Agents should continuously prove:
- Who they are
- What they are authorized to access
- Why they require access
- Whether the request aligns with their assigned role
An agent should not automatically inherit trust because it operates within your environment.
Create Agent Classification Levels
Not all agents require the same controls.
For example:
Level 1: Advisory Agents
- Read-only
- Recommendations only
- No execution authority
Level 2: Workflow Agents
- Limited execution authority
- Human approval required for sensitive actions
Level 3: Operational Agents
- Autonomous execution within tightly defined boundaries
- Enhanced monitoring
Level 4: Critical Infrastructure Agents
- Production access
- Continuous oversight
- Formal risk assessments
- Executive approval
Build AgentOps into Security Operations
Just as DevOps created new operational disciplines, AgentOps is emerging as a requirement for enterprise AI governance. Organizations need mechanisms for monitoring, auditing, testing, and continuously validating agent behavior throughout the lifecycle.
Test Agents Continuously
Traditional security testing is insufficient.
Security teams should conduct:
- Prompt injection testing
- Data poisoning simulations
- Permission boundary testing
- Adversarial red teaming
- Tool misuse testing
- Escalation path validation
Testing should occur continuously, not only before deployment.

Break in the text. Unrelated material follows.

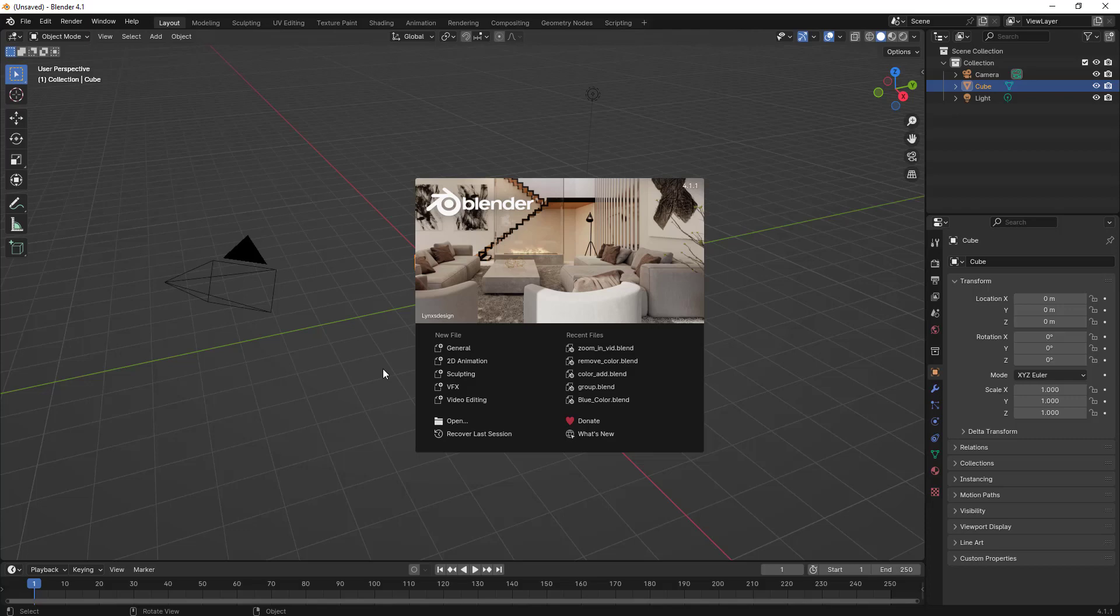Hello everyone. In this video, we'll learn how to enable audio scrubbing in Blender video editor. Before we go into the details, let's learn what audio scrubbing is.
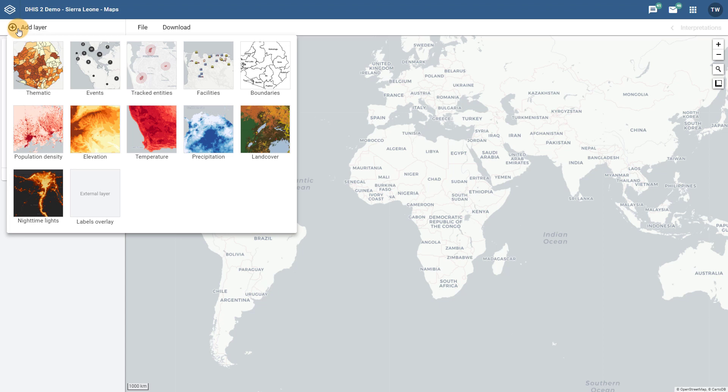From this menu I can select the multiple layers that I want to add to my map. We can not only have multiple thematic layers like we could before, but we can also have multiple event layers, which was not possible in the previous GIS application. Additional layers such as the Facility layer, Boundary layer, and Google Earth Engine have all been integrated into this Add Layer button, where all the different layers can now be added.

Security Professional Checklist
Governance
☐ Every agent has an owner
☐ Every agent has a documented purpose
☐ Acceptable actions are explicitly defined
☐ Human approval requirements are documented
☐ Risk assessments are completed before deployment
Identity and Access Management
☐ Each agent has a unique identity
☐ Each agent has unique credentials
☐ Least privilege is enforced
☐ Administrative privileges are prohibited by default
☐ Access reviews occur regularly
☐ Secrets are stored in approved vaults
Monitoring and Audit
☐ All agent actions are logged
☐ Decision traces are retained
☐ Data access events are monitored
☐ Anomalous behavior alerts exist
☐ Incident response procedures include AI agents
Security Testing
☐ Prompt injection testing is performed
☐ Privilege escalation testing is performed
☐ Data leakage testing is performed
☐ Red-team exercises include AI agents
☐ Security controls are validated after model updates
Operational Controls
☐ Kill-switch capabilities exist
☐ Rollback procedures are documented
☐ Human override mechanisms exist
☐ High-risk actions require approval
☐ Agent behavior is periodically reviewed
Final Thoughts
The biggest mistake organizations can make is viewing AI agents as software.
Traditional software follows instructions.
AI agents make decisions.
That difference changes everything.
The organizations that succeed with agentic AI will not be those that deploy the most agents. They will be the ones that deploy agents safely, govern them continuously, and maintain meaningful human oversight.
Treat AI agents like interns on their first day.
Give them a clearly defined job.
Provide only the access they need.
Watch what they do.
Review their work.
And never hand them the keys to the kingdom simply because they sound confident.
Confidence has never been a security control.